One of the key types of gastrointestinal agents is proton pump inhibitors (PPIs), which work by reducing the production of stomach acid. PPIs help in treating conditions like gastroesophageal reflux disease (GERD) and peptic ulcers. Another essential class of agents is antacids, which neutralize excessive stomach acid, providing relief from heartburn and indigestion.
Gastrointestinal agents also include antispasmodics that alleviate abdominal cramps and spasms associated with conditions like IBS. These drugs work by relaxing the smooth muscles of the digestive tract. Additionally, there are drugs categorized as laxatives that aid in relieving constipation by promoting bowel movements.
Moreover, certain gastrointestinal agents act as antiemetics, effectively reducing nausea and vomiting. These drugs are particularly useful for patients undergoing chemotherapy or experiencing motion sickness.
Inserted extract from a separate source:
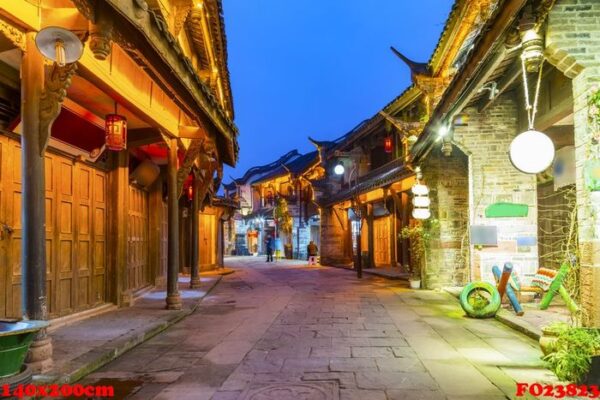 nightscape of chengdu ancient town, sichuan province, china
Pharmaceutical companies develop and manufacture a wide range of gastrointestinal agents in various forms, including tablets, capsules, suspensions, and injections. These agents are typically formulated using active pharmaceutical ingredients (APIs) and other excipients to ensure their efficacy and safety.
In conclusion, gastrointestinal agents form a vital category of pharmaceutical APIs, providing relief from digestive disorders and improving overall gastrointestinal health. The availability of diverse agents catering to different conditions ensures that patients can receive targeted treatment for their specific gastrointestinal needs.